US President Barack Obama called for new measures to spur the US economy in a press conference Wednesday. This comes amid pressure from both the IMF and the Treasury department that Washington reach a deal on reducing the national deficit.
REUTERS - President Barack Obama called on Wednesday for new measures to spur hiring that are likely to further complicate talks with Republicans to bring the country’s spiraling debt under control.
Obama’s call came as the International Monetary Fund and the U.S. Treasury Department urged Washington to reach a deal soon. His push for new construction loans and an extension of a payroll tax cut could further alienate Republicans already incensed by Democratic demands for new tax revenue.
Challenging lawmakers to make “substantial progress” by the end of this week or cancel plans for the July 4th holiday, Obama also sought to up pressure on Republicans by tying them to tax breaks for millionaires while warning about default.
“If the United States government, for the first time, cannot pay its bills, it it defaults, then the consequences for the U.S. economy will be significant and unpredictable,” he told a White House news conference, reminding Republican Party backers on Wall Street of the stakes involved.
With the country still struggling to emerge from the deepest recession since the 1930s, Obama said Congress needs to take steps to bring down the 9.1 percent unemployment rate even as it weighs medium-term austerity measures.
“There are more steps that we can take right now that would help businesses create jobs here in America,” he said.
Those measures likely would add hundreds of billions of dollars to budget deficits at a time when the White House and lawmakers are trying to narrow them by more than $1 trillion. Congressional Republicans say they have no place in the talks.
“In the middle of a debt crisis, they want to borrow and spend more money as a solution to the problem.
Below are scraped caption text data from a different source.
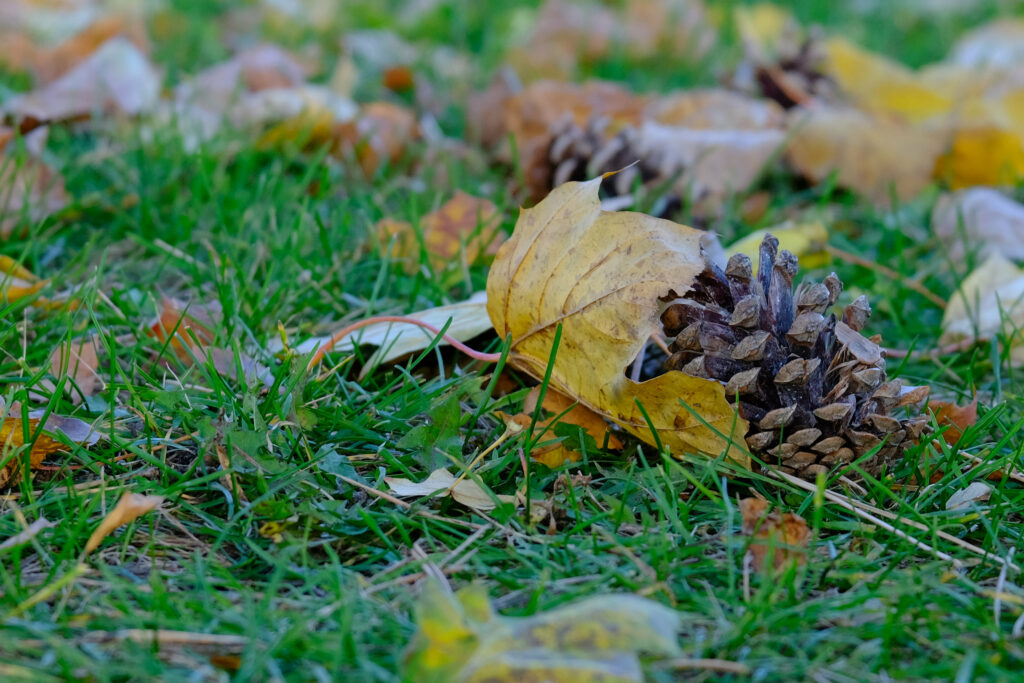 Autumn Pine Cone Macro: Nature's Beauty on Grass & Leaves Wallpaper
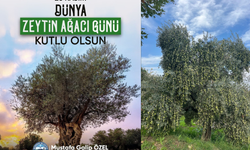 Başkan özel zeytin ağacı geçmişin mirası geleceğin bereketidir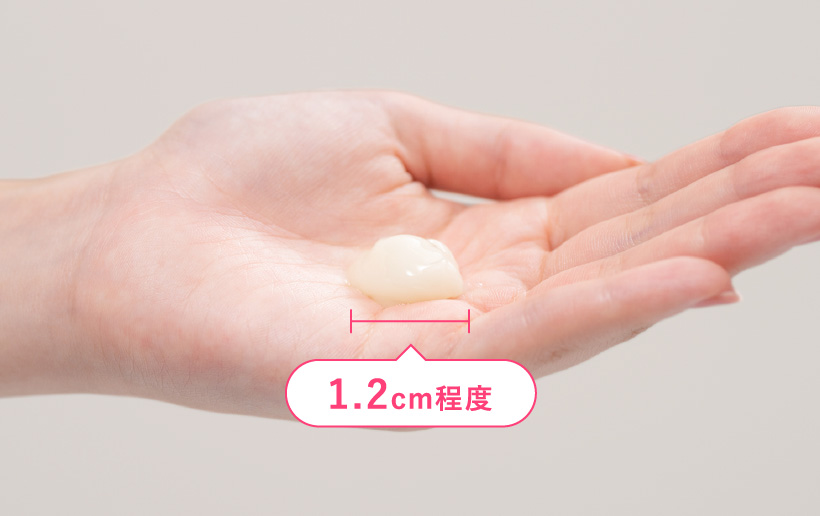 使用量の目安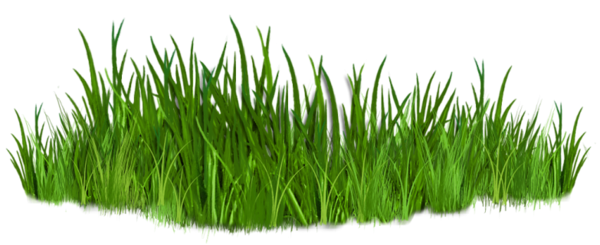This png image - Grass Path Ground PNG Picture, is available for free download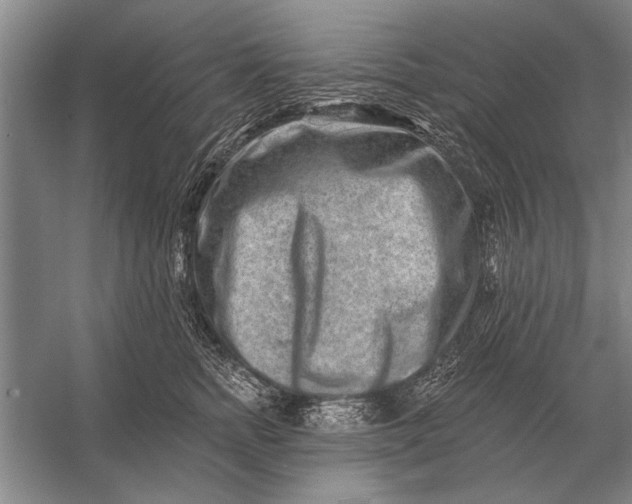 X0000056370758200509161854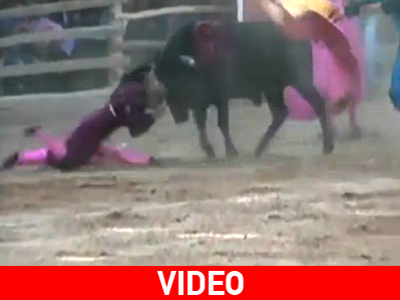 Η ταυρομάχος ερασιτέχνης, ο ταύρος επαγγελματίας…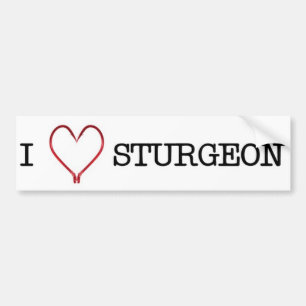 I [Heart] Sturgeon Bumper Sticker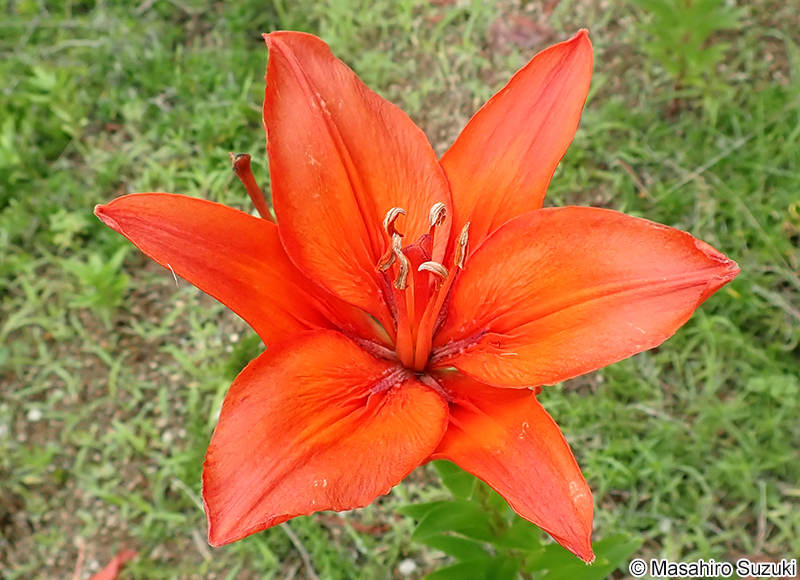 ネロ Lilium 'Nero'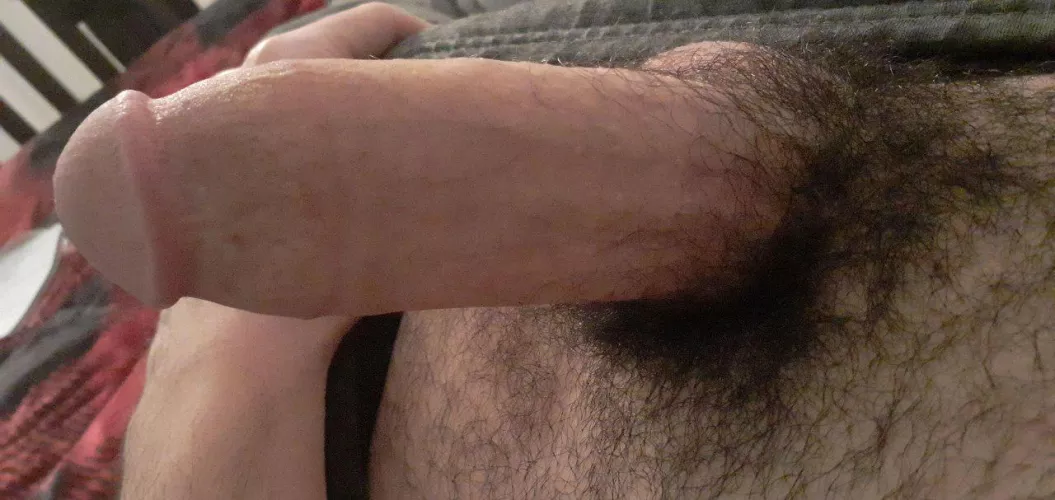 Young Canadian cock. What do you truly think ? by IncubusPrimed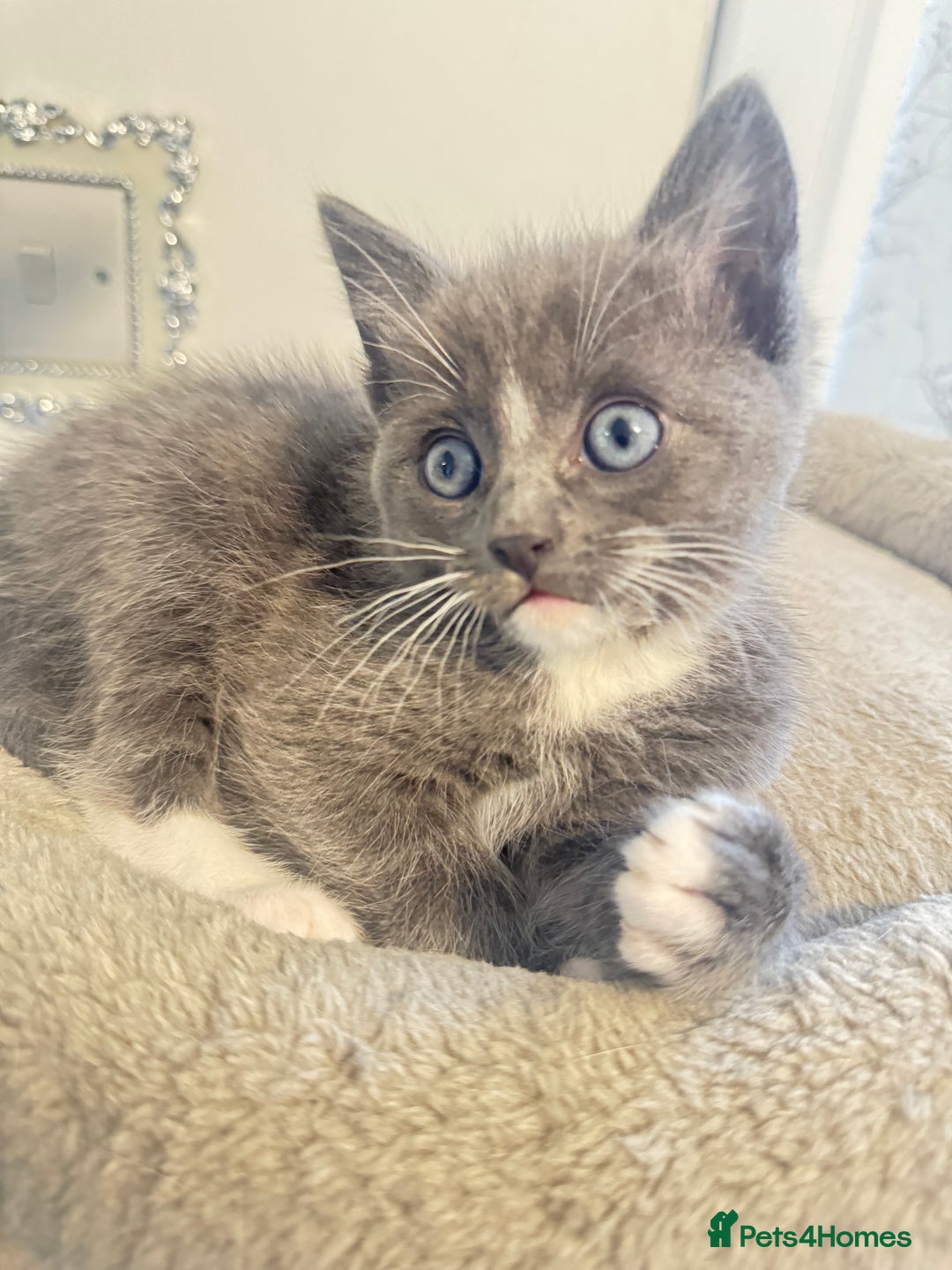 Ragdoll cats for sale: Beautiful Ragdoll Kittens - Advert 18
This isn’t a negotiation, this is a parody,” Senate Republican Leader Mitch McConnell said earlier on the chamber’s floor.
Since deficit-reduction talks collapsed last week, Republicans and Democrats have made no progress on a deal to permit Congress to extend the government’s borrowing authority.
Treasury Secretary Timothy Geithner said he would not be able to stave off default if Congress does not reach a deal to raise the $14.3 trillion debt ceiling by Aug. 2.
The International Monetary Fund also said failure to reach a deal soon could deliver a “severe shock” to a still-fragile recovery and global markets.
Financial markets have so far shown little concern, but credit-rating agencies have warned they could reassess their outlook on U.S. debt if a deal is not in the works by mid-July.
Congress probably will need weeks to debate and pass the deal once it is reached, and Obama warned that lawmakers may have to stay in session until it is done.
Markets did not react, as the president used his first formal news conference since March to press the Democratic case. But analysts said accusing Republicans of supporting millionaire tax breaks over college aid was a potent message.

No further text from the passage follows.